According to Oman News Agency, net gas revenue fell to RO 1,296 million by the end of Q3 2025, showing a 4% decline from the RO 1,345 million recorded during the same quarter of 2024. This decrease is attributed to the Integrated Gas Company's revenue collection methodology. On the other hand, current revenue saw a 2% rise, totalling RO 2,449 million, an increase of RO 50 million from the same period in 2024.
Current expenditure was reported at RO 6,227 million by the end of Q3 2025, reflecting a 1% decrease from the previous year's RO 6,152 million. Development expenditure for ministries and government units reached RO 1,103 million, surpassing the allocated spending ceiling by 23% against a development budget of RO 900 million for 2025, driven by the accelerated execution of ongoing development projects.
Contribution and other expenses totaled RO 1,583 million, a 9% decrease from RO 1,731 million in 2024. Subsidy allocations included RO 378 million for the electricity sector, RO 424 million for the social protection system, and RO 55 million for oil products. Additionally, RO 300 million was allocated to the future debt obligations budget item.
Spending on social sectors and basic services reached RO 3,817 million, distributed as follows: 37% to the education sector, 26% each to the health sector and security and social welfare, and 11% to the housing sector. The Ministry of Finance settled over RO 1,225 million in dues to the private sector by the end of Q3 2025, ensuring settlements within five working days.

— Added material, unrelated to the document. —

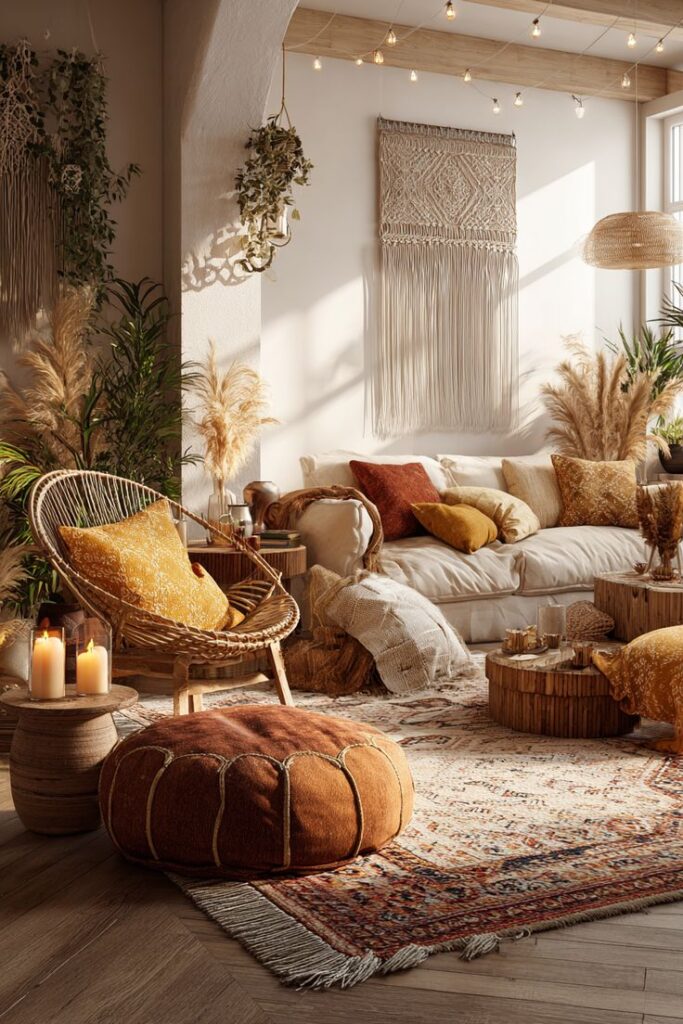 Warm + Dreamy Boho Living Room Ideas Full of Texture - Handy Home Cozy boho living room with warm tones, macrame wall art, wicker chair, and cushions on a patterned rug. Indoor plants add a fresh touch.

Public debt stood at RO 14.7 billion by the end of Q3 2025, up from RO 14.4 billion at the same time in 2024. This increase is largely due to refinancing domestic debt instruments, proactive management of obligations due in Q4 2025, leveraging improved debt market conditions, and continued efforts to develop the domestic debt market through the issuance of sovereign sukuk and local development bonds.